Vanuatu, Cook Islands urging UN to improve climate financing

Vanuatu and Cook Islands are calling for the UN to make it easier for vulnerable low-lying states to access climate financing.

Pacific states graduating from low-income to developed status aren't getting enough assistance with climate vulnerability, officials from both countries say.

Mackenzie Smith reports. 

For 15 years, Vanuatu has been lobbying the UN to include climate vulnerabilities in its economic assessments.

The government wants climate change threats to Pacific states to be considered before they graduate from least-developed status.

The category, which Vanuatu will graduate from next year, provides critical assistance to developing Pacific states.

Vanuatu's Foreign Minister Ralph Regenvanu says efforts to get the UN to listen continue.

"We are pushing for Tuvalu and Kiribati and Solomons, for that criteria to be included when considering their graduation because they are seriously vulnerable."
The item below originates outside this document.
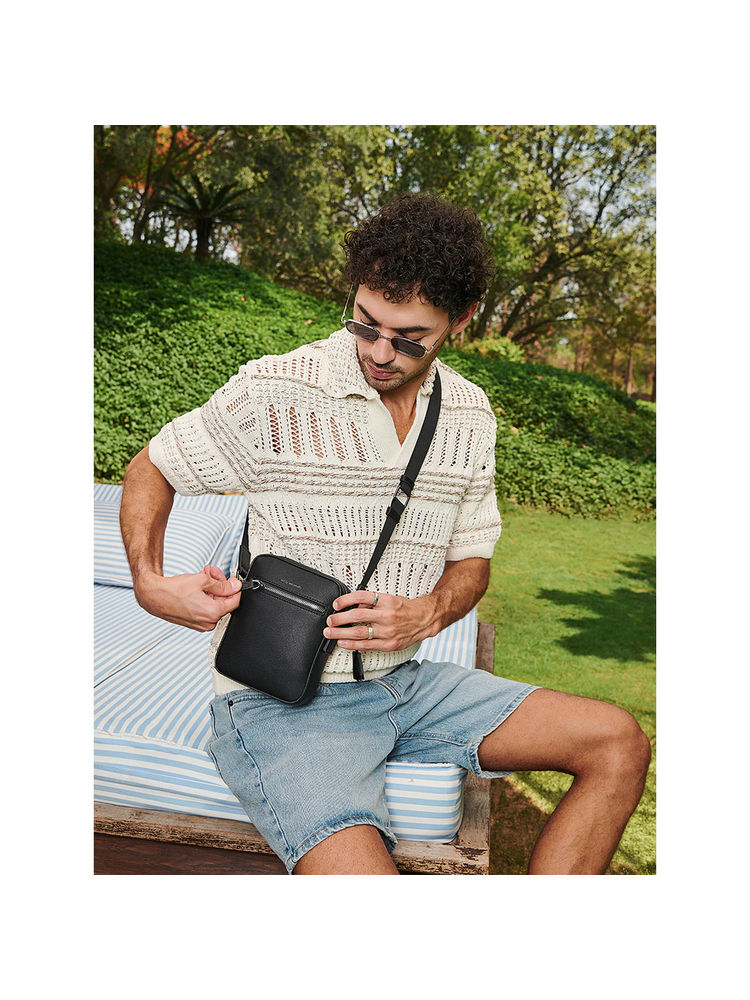 Paco Madamo Black Solid Pu Sling Bag-picture-17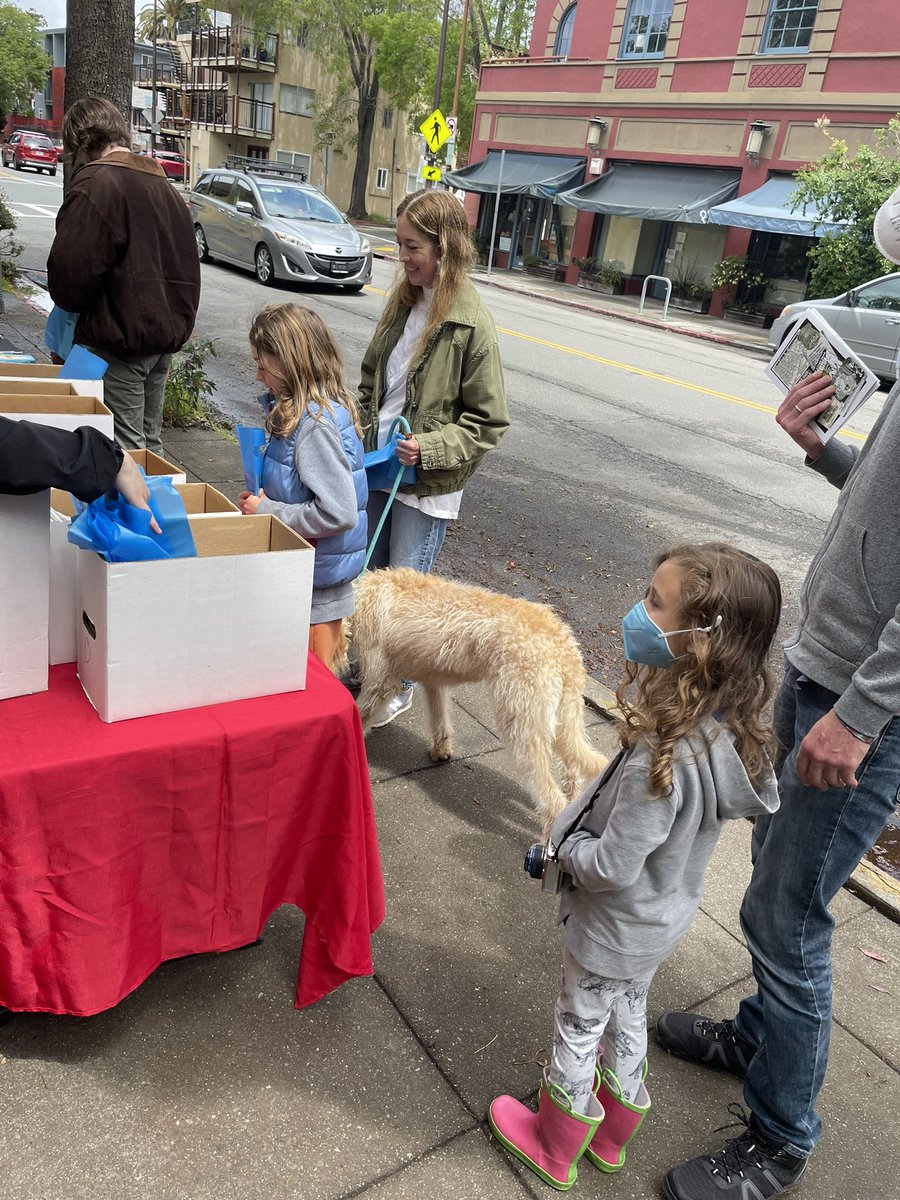 Trippy_Kiddz's tweet photo. Free comic book day! Come try something new or pick up something old! If in #berkeley swing by @FantasticComics #comics #marvel #image #dc #darkhourse https://t.co/HWB9HG427z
The Cook Islands government graduated to developed nation status in July, predicting minimal impact.

But the Deputy Prime Minister, Mark Brown, has already said there's a need for continued access to concessional climate financing after graduating.

The Cook Islands High Commissioner to New Zealand, Elizabeth Wright-Koteka, agrees the criteria is limiting. 

"The reality of the OECD criteria is that vulnerability to the impacts of climate change and natural disasters do not factor when taken and taken into consideration when assessing a country's development status."

She says instead, the Cook Islands is having to look after itself, including diversifying its economy through seabed mining exploration and other new industries.

"This is why for us, economic diversification is currently one of our top priorities. We are looking to non traditional means of ensuring our livelihoods up protected in any scenario, we have been reliant on a single service driven industry for long enough."

Ms Wright-Koteka says climate finance should also be dedicated rather than tied to overseas development assistance.

Still, others want more concessions from countries like New Zealand and Australia instead of funding Pacific governments to deal with the climate crisis.

The Deputy Director General of the Pacific Community, Audrey Aumua, says it's not about more money.

"It is actually about the partnership, the company, the collaborative way in which we problem solve together. And it's actually not about more money, and our leaders are very clear in Tuvalu when they said that."

Meanwhile, Vanuatu is continuing in its efforts to sue the world's biggest polluting countries and companies.

A climate legal expert who recently advised the government, Michael Gerrard, says Vanuatu is considering bringing its case to the International Court of Justice.